About
Emmanuela (she/they pronouns) is a Classics scholar and humanist who specializes in ancient Greek and Roman theater. Ηer dissertation investigates the issues of forced displacement, belongingness, and agency of marginalized protagonists of Attic drama. Her research explores the collective and individual tragic figure of the migrant other and their connections with both ancient and contemporary sociopolitical realities. Her research on contemporary forced migration using computational methods in Global South contexts, conducted in the Low-Resource Language Lab (LOREL Lab), is an additional joy to her.
She received her undergraduate degree in modern and ancient Greek, and Latin Literature at the University of Crete, and an M.A. in ancient Greek and Latin Philology from the University of Heidelberg. Her master’s thesis is written on the presence of the Underworld in Sophocles’ Oedipus at Colonus. After her research stay at the University of Oxford, she began researching (post)colonial reworkings of ancient materials, particularly those in modern Greek and Hispanophone literature, incorporating performance and modern classical reception studies into her scholarship.

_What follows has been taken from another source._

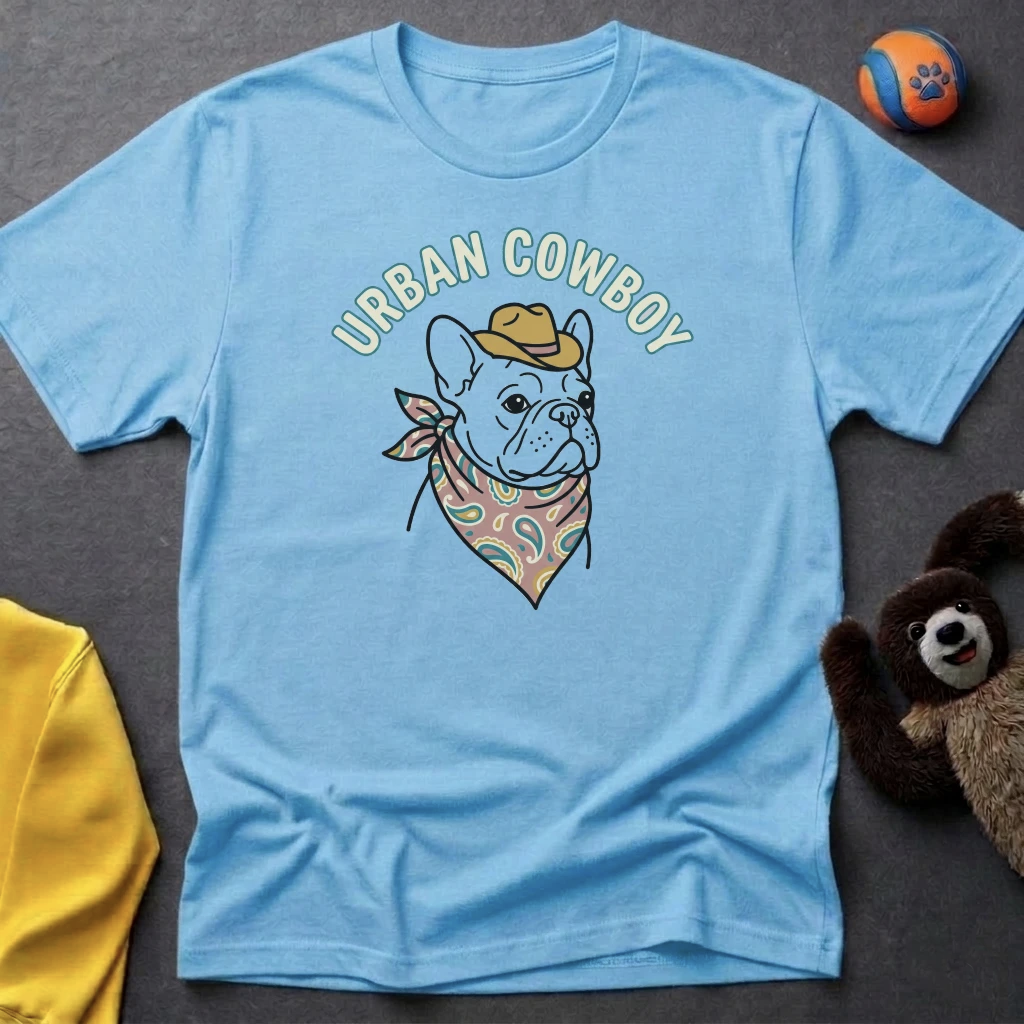 Urban Cowboy T-Shirt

Emmanuela is the Argyropoulos Graduate Fellow of Hellenic Studies, who taught modern Greek at UCSB for five years, and she is a multiple award-winning Teaching Assistant. She is passionate about teaching and mentoring undergraduates in ancient and modern language courses, seminars on race, ethnicity and gender, and modern classical receptions, and collaborating in computational projects.
Emmanuela is also a social-justice scholar and educator who collaborates in global antiquity-related and public-facing projects such as The Odyssey Project and a Modern Greek Studies Association-funded podcast on diasporas.